Jumeirah plans to double portfolio of hotels by 2018

Dubai-based hotel group currently has 22 hotels under its brand

PHOTO: Jumeirah Group currently has 22 hotels under its brand. Credit: File photo

Jumeirah Group, the Dubai-based hotel operator, plans to almost double its portfolio of hotels within the next three years, its president, Gerald Lawless, has said.

The Group, which currently has 22 hotels under its brand – both owned and managed – in markets as diverse as the UAE, Kuwait, China, Britain and Italy, will open one or two hotels in 2015, Lawless told Reuters. A further 20 will be opened by 2018.

While he declined to name locations, it is known that Jumeriah Group is in the process of opening a hotel in the Russian city of St Petersburg, and that it is actively looking for opportunities in Moscow, the Reuters report said.

The timing of his statement comes as a surprise given the ongoing geopolitical and economic tensions around the world. Russia’s economy is widely forecast to shrink this year in the face of sliding oil prices and Western sanctions over the Ukraine crisis. A large percentage of Dubai’s tourism market is made up of Russian visitors.

However, Lawless remained confident that his company wouldn’t be seriously affected by these events, pointing out that the target market for Jumeirah Group were wealthier Russians who would be less affected by economic problems.

He added that Jumeirah wouldn’t be seriously affected by economic troubles in the Eurozone as there were still a healthy amount of tourists arriving from several European countries.

According to figures released by Emaar in 2014, five star hotel rooms account for up to 62% of the total branded hotel inventory in Dubai. Half the upcoming inventory is also in the upscale category.

Filippo Sona, head of hotels at Colliers International’s MENA operations, told Big Project ME that Dubai has the highest demand for hotels in the UAE. In 2013 alone, the city’s hotels registered 18.1 million room nights. In next place was Abu Dhabi, with a mere five million room nights.
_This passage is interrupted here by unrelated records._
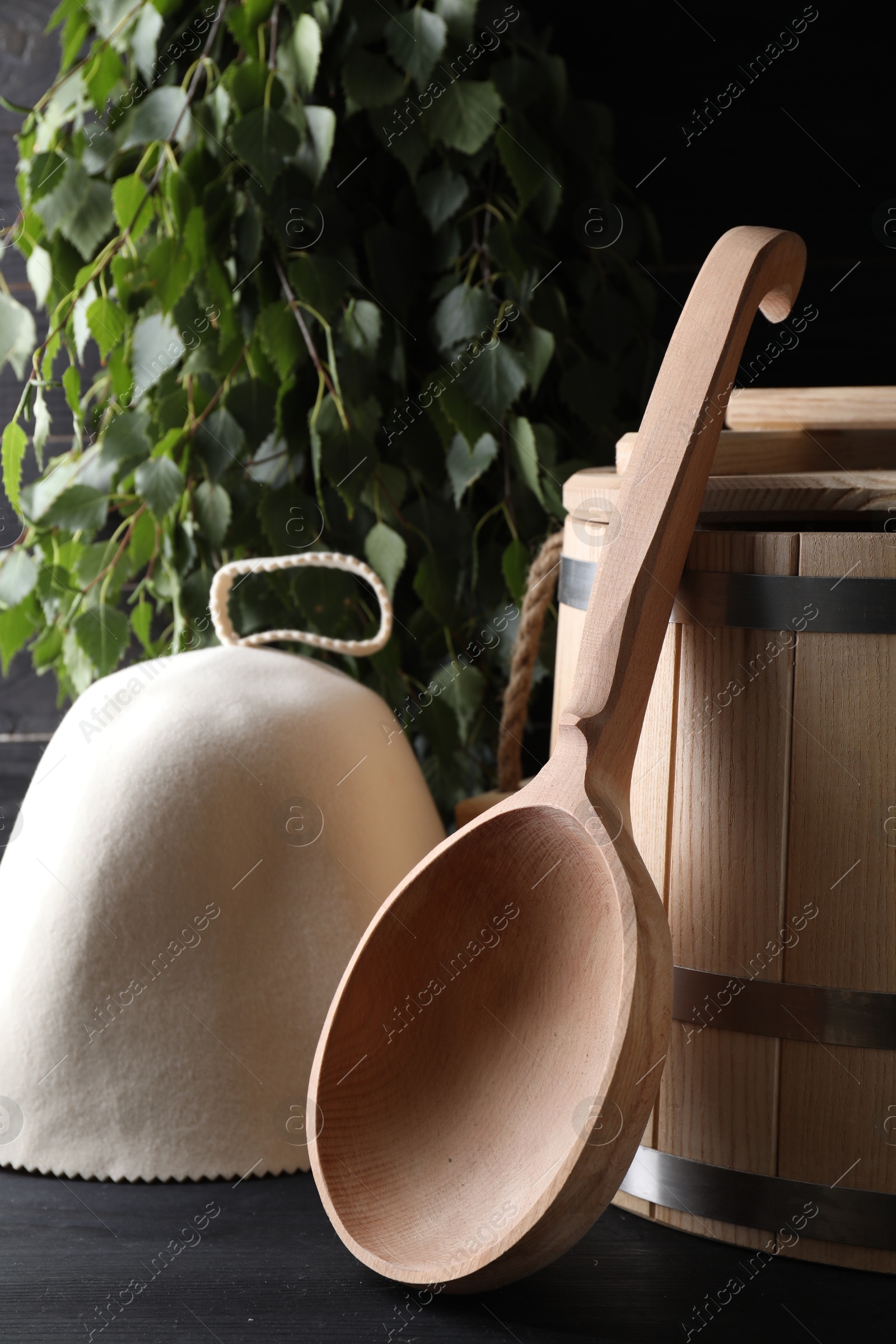 Photo of Sauna equipment. Felt wool hat, wooden bucket and ladle on black table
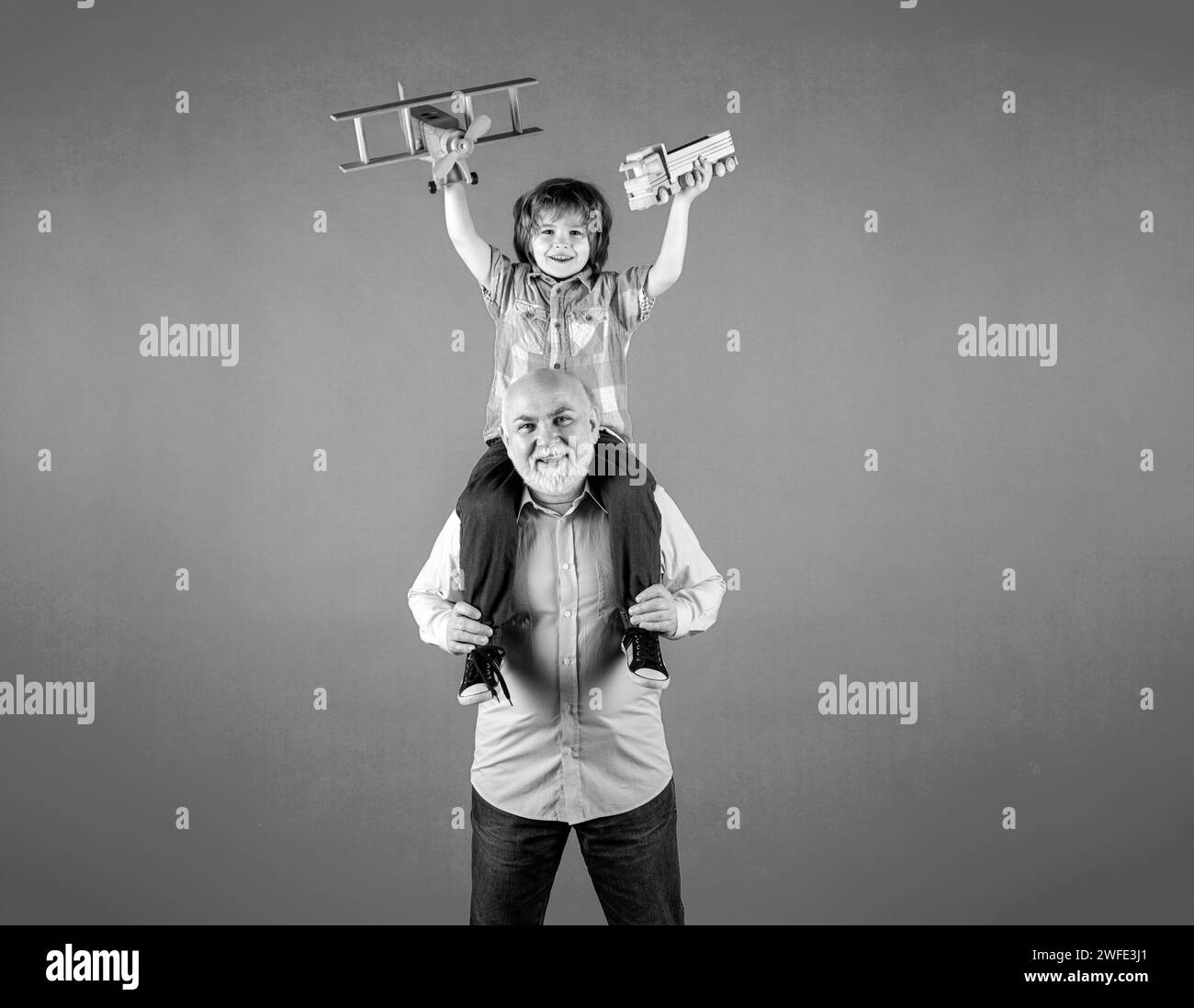Child boy and grandfather with toy plane and wooden toy truck. Men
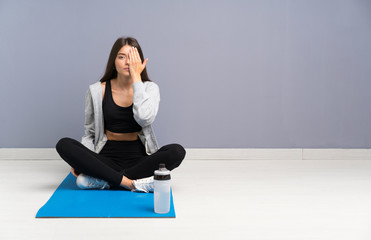 Fototapeta premium Young sport woman sitting on the floor with mat covering a eye by hand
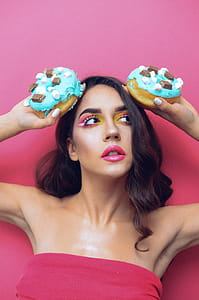 Woman in Red Tube Top Holding Two Doughnuts thumbnail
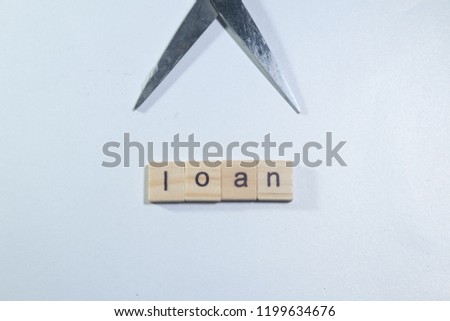 A picture of word tiles create the word loan and scissors. It is a symbolic of loan cutting.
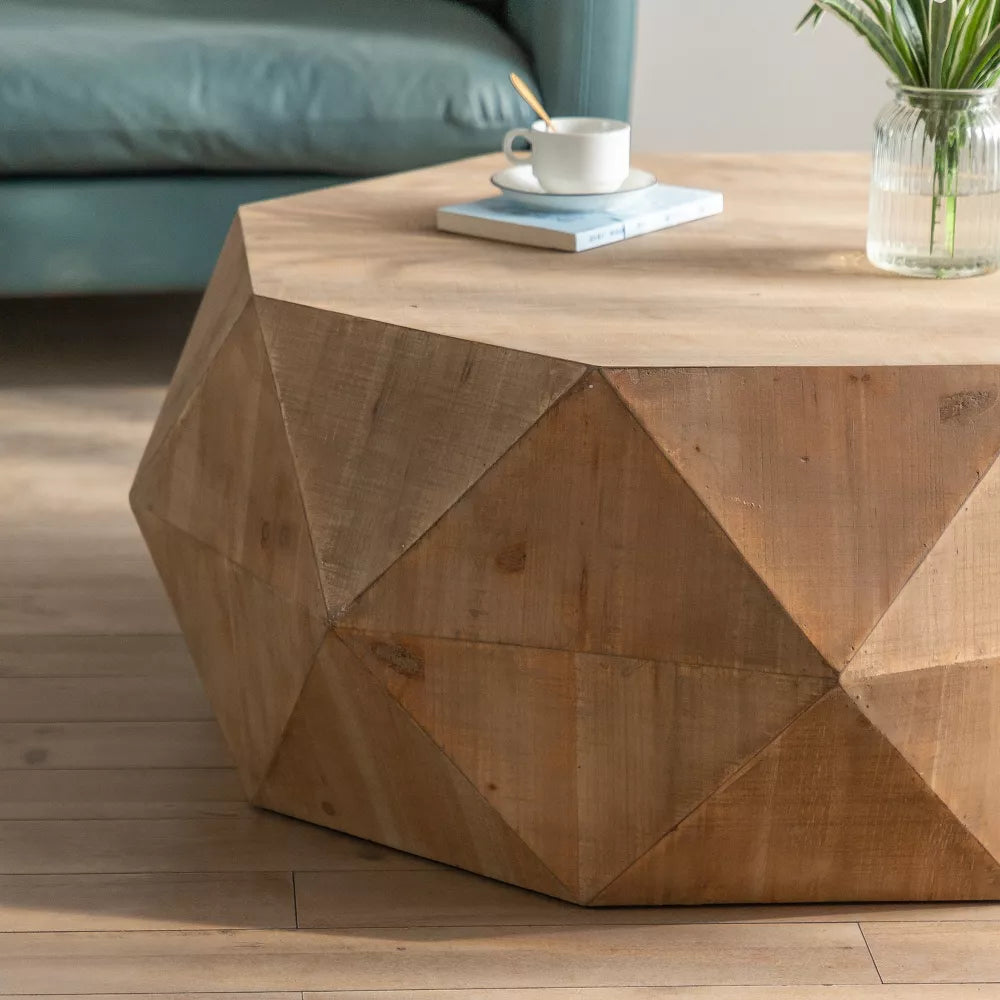 Hexagonal wooden coffee table with a cup, saucer, and flowers on a wooden floor.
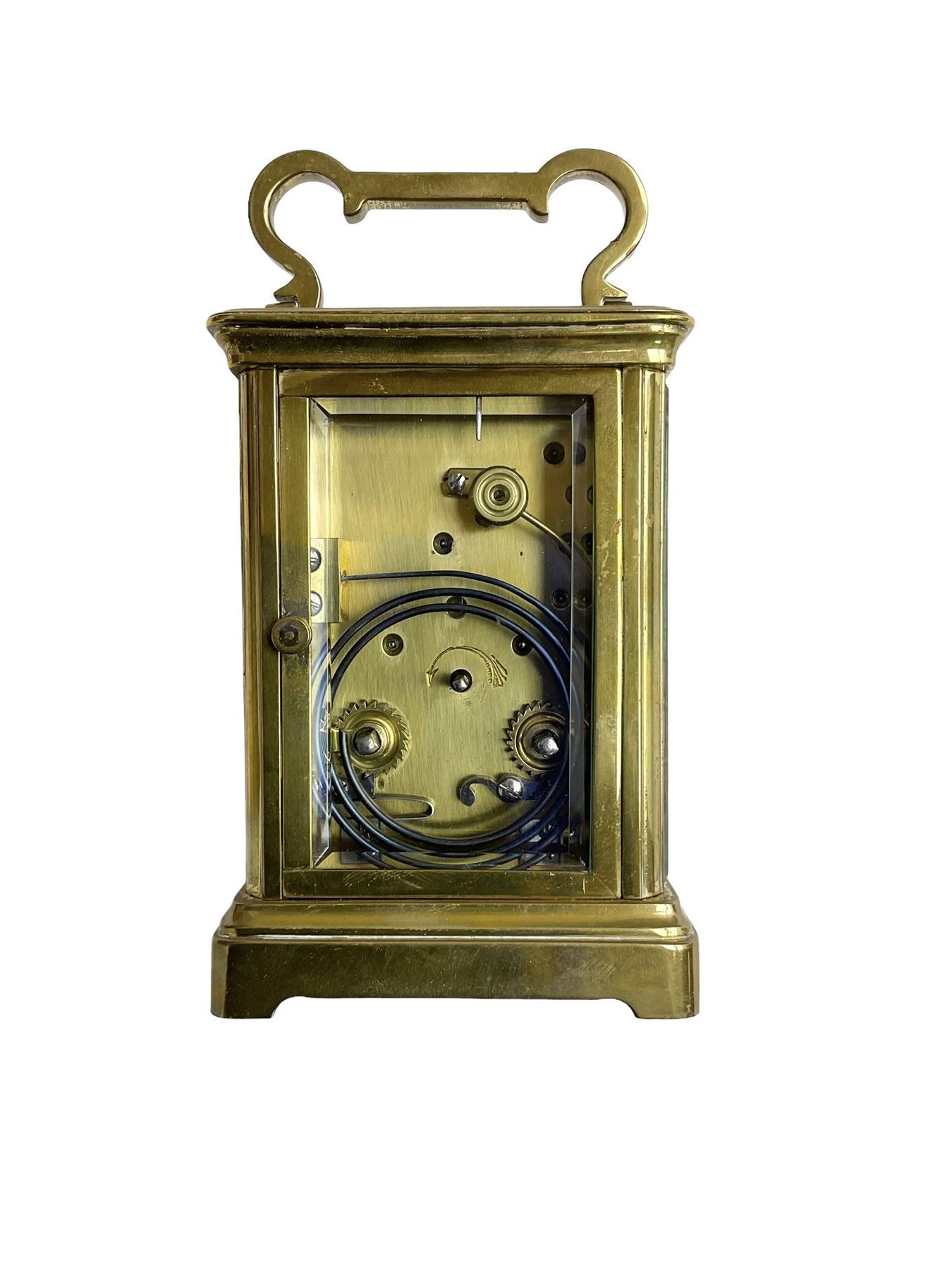 W.R. Cullen, London Street. Norwich. - 8-day French carriage clock c1900, in a corniche case with carrying handle and four bevelled glass panels, white enamel dial with Roman numerals, minute markers and spade hands, with a lever platform escapement and rack striking movement striking the hours and half hours on a coiled gong. 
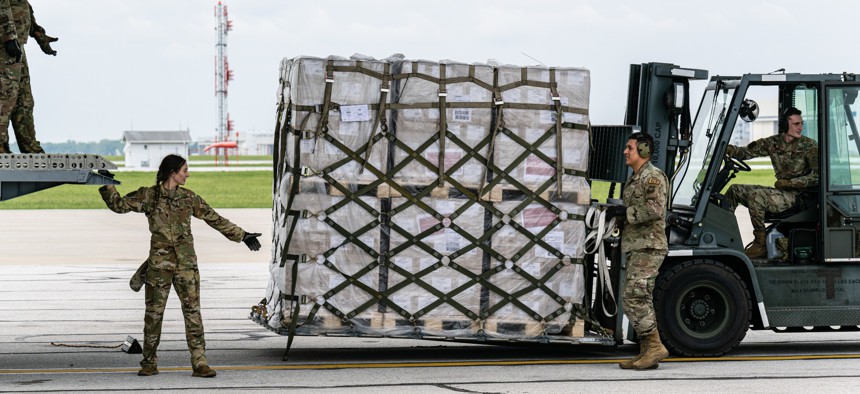 Airmen unload pallets of baby formula flown from Europe at Indianapolis Airport on May 22, 2022.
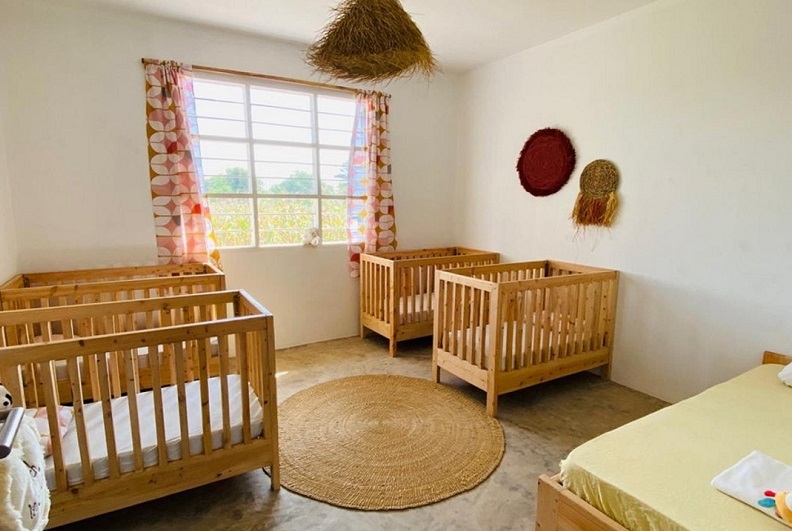 A bright room with four wooden children's beds, a round rug, and colorful curtains. A window offers a view outside.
However, he pointed out that there was a clear shift in demand for luxury accommodation in the city, with more and more tourists and travellers looking at budget options.

“Market analysis suggests two and three star hotels contribute approximately 22% of room nights in the UAE,” Sona said. “In Sharjah, two and three star hotels contribute approximately 39% of room nights.

“Two and three star hotels in the UAE have experienced higher occupancies than four and five star hotels,” Sona reveals. “With the expected increase in the number of visitors in the region, two and three star hotels can expect a similar increase in demand in the coming years.

Sona added that he expected the two and three star hotel market in the UAE to pick up in the coming years, especially in light of Expo 2020, which could see increased business-orientated travel from Europe, Africa, China, South East Asia and the Indian subcontinent.

“The two- and three-star hotel market in the UAE mainly attracts corporate demand from Southeast Asian countries and Arab states such as Egypt, Jordan and Kuwait. The leisure market has been growing too, as more price-sensitive visitors from Asia, Eastern Europe and Commonwealth of Independent States (CIS) countries prefer staying in Dubai on a budget.”